- Task details
In which lines of the data does the string "photo" appear? Copy every one.
========================================================================
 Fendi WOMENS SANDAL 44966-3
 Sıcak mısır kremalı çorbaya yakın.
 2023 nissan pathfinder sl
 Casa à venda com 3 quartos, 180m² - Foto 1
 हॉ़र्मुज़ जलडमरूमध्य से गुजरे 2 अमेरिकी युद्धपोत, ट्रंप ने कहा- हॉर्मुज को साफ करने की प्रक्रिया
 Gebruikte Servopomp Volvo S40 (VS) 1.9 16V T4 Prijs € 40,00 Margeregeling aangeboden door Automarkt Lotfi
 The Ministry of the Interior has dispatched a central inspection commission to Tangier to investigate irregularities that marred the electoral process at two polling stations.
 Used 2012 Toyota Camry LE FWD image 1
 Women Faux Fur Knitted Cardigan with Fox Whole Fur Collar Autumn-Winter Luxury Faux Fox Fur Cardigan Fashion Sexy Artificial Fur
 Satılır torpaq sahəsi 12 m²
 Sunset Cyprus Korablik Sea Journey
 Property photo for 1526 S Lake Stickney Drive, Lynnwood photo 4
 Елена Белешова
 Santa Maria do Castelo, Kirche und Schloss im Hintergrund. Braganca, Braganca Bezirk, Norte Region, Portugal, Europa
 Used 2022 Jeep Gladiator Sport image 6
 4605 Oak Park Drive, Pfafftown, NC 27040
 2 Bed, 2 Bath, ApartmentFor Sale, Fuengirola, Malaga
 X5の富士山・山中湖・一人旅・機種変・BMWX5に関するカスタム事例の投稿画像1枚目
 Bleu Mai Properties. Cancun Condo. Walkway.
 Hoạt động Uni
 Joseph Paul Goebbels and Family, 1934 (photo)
========================================================================
- Solution to this problem
 Property photo for 1526 S Lake Stickney Drive, Lynnwood photo 4
 Joseph Paul Goebbels and Family, 1934 (photo)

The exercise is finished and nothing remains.